Friday, February 12, 2010

missionaries released

Well, if you have been watching the news, the ten "missionaries" have been released by the authorities in Haiti.

I understand wanting to help orphans. I understand wanting to save starving children. I may even bend some laws to do that. But to try to take a bus load of them across a national border without proper documentation is hard to believe.

I think the thing that bothers me the most about the story is the report that some of the children were not orphans, and that the children told the "missionaries" that they were not orphans. Couple this with the "we are just here doing God's work" language that the missionaries were using, and the whole thing starts to hurt.

I hurt for the parents of the children who let their children go in hopes that they would have a better life. I hurt for the entire population of Haiti that lost so much in the earthquake. I hurt for the younger members of the mission team, they look like minors, and they were led into this by adults from their church.

I hurt for the public who reads this story and has an interesting conclusion to make. Either God does not care about immigration laws, and either God isn't always truthful, or these people did not hear from God.

I guess one of the morals of this story is that we need to be very careful when we say, "God spoke to me" or "God is leading me." It is very easy for us to get our human selves in the way, and as soon as that happens, God ends up looking a little foolish.

Like if a person says, "God gave me this wonderful house." [the payment is really high and we can't afford to do other things that we should be doing, but God gave me this house.] What about the people that God didn't give a house to? What are we really saying?

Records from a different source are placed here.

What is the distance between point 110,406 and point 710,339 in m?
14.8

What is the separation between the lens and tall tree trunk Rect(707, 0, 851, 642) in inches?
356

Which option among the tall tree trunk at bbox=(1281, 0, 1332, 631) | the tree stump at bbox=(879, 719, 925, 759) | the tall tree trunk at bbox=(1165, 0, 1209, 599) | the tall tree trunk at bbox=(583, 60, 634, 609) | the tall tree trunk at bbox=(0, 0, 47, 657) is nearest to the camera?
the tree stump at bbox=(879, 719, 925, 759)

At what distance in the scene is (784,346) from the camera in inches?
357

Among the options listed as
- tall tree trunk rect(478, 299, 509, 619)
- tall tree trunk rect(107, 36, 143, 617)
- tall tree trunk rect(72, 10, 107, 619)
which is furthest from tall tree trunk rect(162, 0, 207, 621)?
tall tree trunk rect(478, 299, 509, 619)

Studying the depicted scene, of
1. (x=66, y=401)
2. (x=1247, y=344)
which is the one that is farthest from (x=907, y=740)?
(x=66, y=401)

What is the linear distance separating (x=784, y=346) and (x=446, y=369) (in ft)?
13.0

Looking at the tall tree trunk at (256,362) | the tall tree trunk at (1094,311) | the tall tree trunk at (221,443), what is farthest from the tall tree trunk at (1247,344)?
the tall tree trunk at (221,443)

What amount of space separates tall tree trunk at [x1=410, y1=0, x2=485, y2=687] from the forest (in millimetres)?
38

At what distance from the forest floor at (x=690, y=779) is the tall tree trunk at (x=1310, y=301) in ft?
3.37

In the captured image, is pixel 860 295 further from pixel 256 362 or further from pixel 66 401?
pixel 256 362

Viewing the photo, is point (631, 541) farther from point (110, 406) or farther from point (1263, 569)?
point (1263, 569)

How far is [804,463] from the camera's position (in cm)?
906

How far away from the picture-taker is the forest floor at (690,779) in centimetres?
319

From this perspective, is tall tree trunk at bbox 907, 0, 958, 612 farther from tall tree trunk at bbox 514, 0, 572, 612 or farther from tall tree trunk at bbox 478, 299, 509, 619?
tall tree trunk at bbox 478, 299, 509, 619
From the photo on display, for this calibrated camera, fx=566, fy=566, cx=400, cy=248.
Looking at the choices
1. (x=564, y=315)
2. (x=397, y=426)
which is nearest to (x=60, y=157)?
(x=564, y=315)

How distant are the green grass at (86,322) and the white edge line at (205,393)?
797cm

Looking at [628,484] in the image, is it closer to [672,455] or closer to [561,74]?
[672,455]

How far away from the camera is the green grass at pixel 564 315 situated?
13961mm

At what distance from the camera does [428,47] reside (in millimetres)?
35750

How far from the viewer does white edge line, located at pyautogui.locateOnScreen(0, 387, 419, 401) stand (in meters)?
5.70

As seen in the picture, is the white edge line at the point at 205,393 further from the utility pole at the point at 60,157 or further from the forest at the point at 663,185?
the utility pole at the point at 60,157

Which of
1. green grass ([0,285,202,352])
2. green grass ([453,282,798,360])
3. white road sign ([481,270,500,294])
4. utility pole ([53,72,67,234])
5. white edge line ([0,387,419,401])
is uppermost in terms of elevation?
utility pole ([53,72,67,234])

It is just far to easy to justify our human decisions by somehow attaching God to them. Here is the bottom line: When you are doing God's work, you don't have to announce it, everyone will see it for what it is. If you are the Son of God, you don't have to go around telling everyone, because people will figure out who you are. Just do and be what you are supposed to do and be and let other people tell you that you are doing God's work. The story ends a lot better that way.

It's a beautiful day in God's world, be sure to see the good.

5 comments:

Anonymous said...

Thank you for saying something that needs to be pointed out. So many people call really bad decisions a "God thing," seemingly to help justify a "self thing."

H4EO said...

AMEN and Amen

Anonymous said...

I couldn't agree more. Well said.

Anonymous said...

Your blog this morning reminded me of comments that I have heard following several disasters...both man-made and natural.

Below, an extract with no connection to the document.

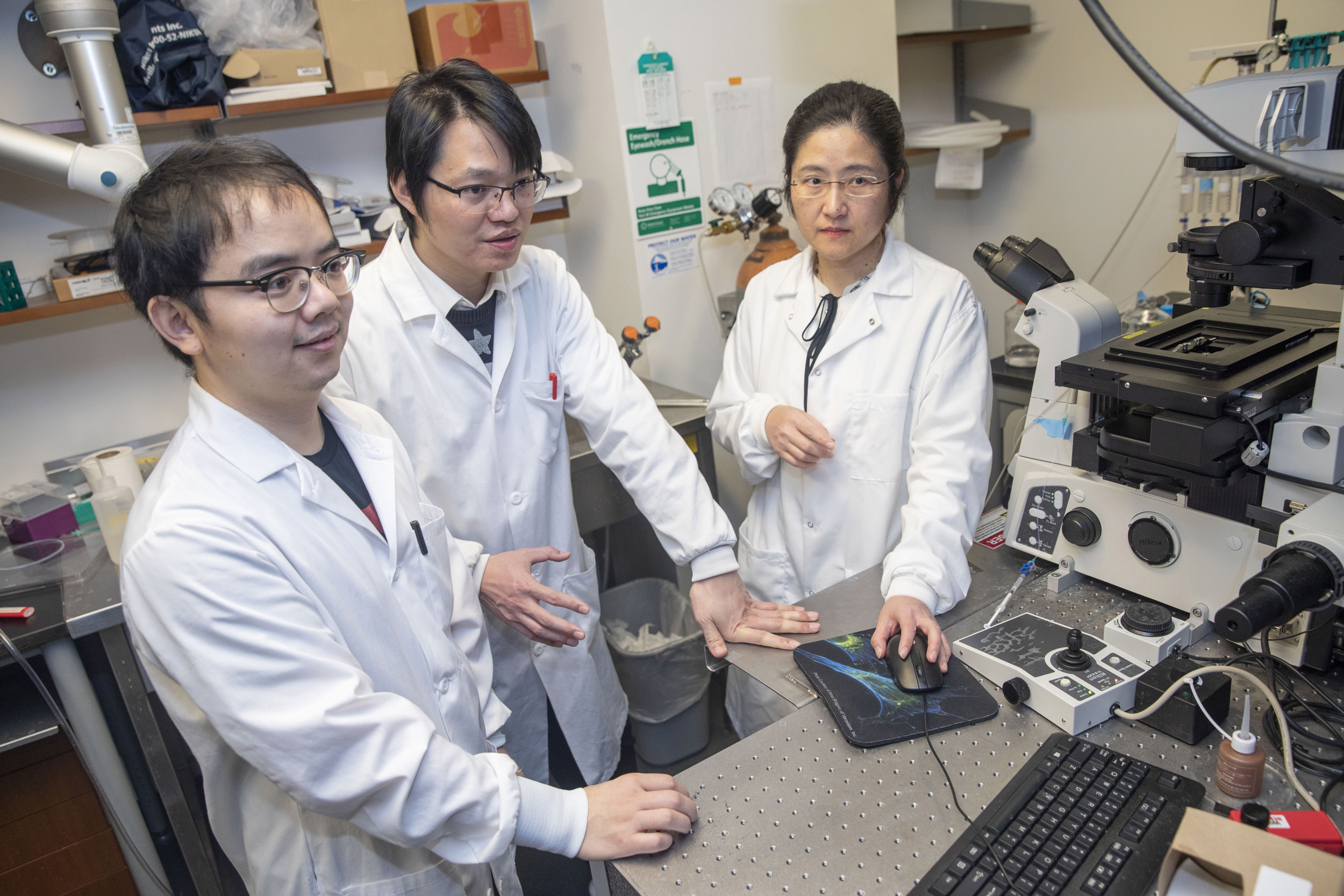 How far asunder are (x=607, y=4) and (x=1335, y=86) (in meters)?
1.74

An acquaintance whose daughter was scheduled to be in the towers on 911 and through a series of events was prevented from being there, commented at a party that "God didn't want her daughter to die!" I cringed because to me that was like saying that God did want all those other people to die that day.

Following Katrina in New Orleans, I heard commented by someone I know "God reaked havoc on the people of New Orleans because of their sinful ways!" Ugh! Did God reak havoc on all the "good" people, too?

And then more recently the comment made by O.R., implying that God wanted this to happen to the people in Haiti.

When our daughter and husband were flooded out in Hurricane Wilma after just completely redoing their home inside and out and putting it on the market a week before the storm, I often caught myself thinking "Oh, why couldn't they have sold that house before the storm?" Then I would catch myself. Did I really want that to happen to anyone else, either? No! Emphatically, no! It was a terrible thing and, certainly, I didn't want them to have to go through it...but their lives were spared and they are probably stronger for having gone through it together.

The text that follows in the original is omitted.